● HOW TO COMPLETE THIS TASK:
With the pictures excluded, reproduce all of the data exactly.

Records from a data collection
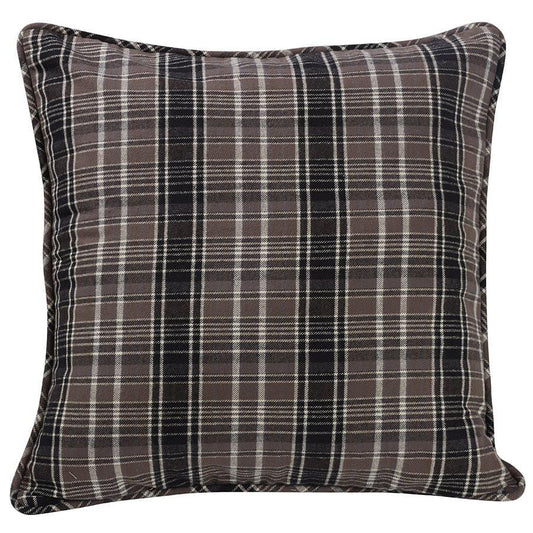 Whistler Black, Gray & Cream Plaid Euro Sham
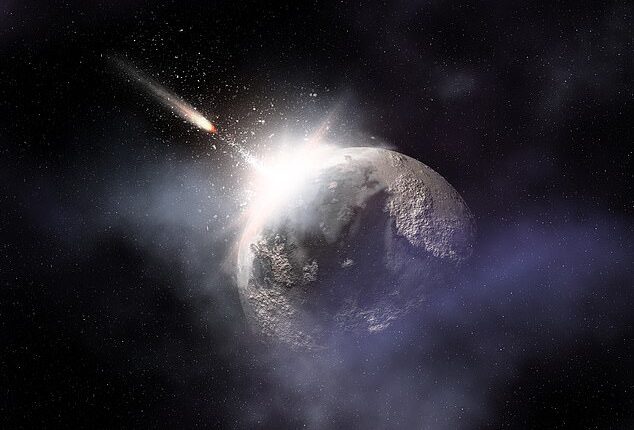 Scientists warn that the city-killer asteroid 2024 YR4 could hit the moon and unleash a devastating wave of shrapnel (stock image)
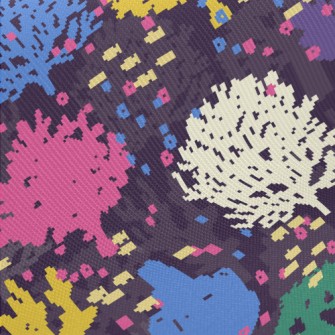 Small Fish And Coral Midweight Cotton Poplin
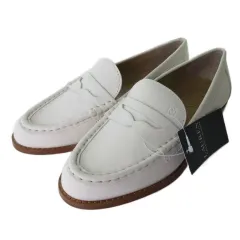 ローレンラルフローレン LAUREN RALPH LAUREN R60G12322 WYNNIE ウィニー ローファーシューズ コイン レザー オフホワイト 5.5 22.5cmのサムネイル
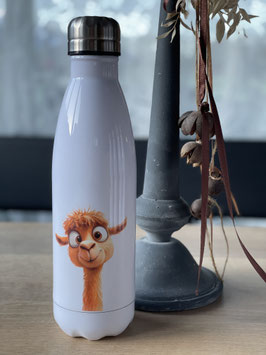 Trinkflasche mit Alpakamotiv Crazy 58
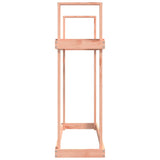 vidaXL Support pour bois de chauffage Blanc 110x35x108,5cm Bois de pin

● WRITTEN RESPONSE:
 Whistler Black, Gray & Cream Plaid Euro Sham
 Scientists warn that the city-killer asteroid 2024 YR4 could hit the moon and unleash a devastating wave of shrapnel (stock image)
 Small Fish And Coral Midweight Cotton Poplin
 ローレンラルフローレン LAUREN RALPH LAUREN R60G12322 WYNNIE ウィニー ローファーシューズ コイン レザー オフホワイト 5.5 22.5cmのサムネイル
 Trinkflasche mit Alpakamotiv Crazy 58
 vidaXL Support pour bois de chauffage Blanc 110x35x108,5cm Bois de pin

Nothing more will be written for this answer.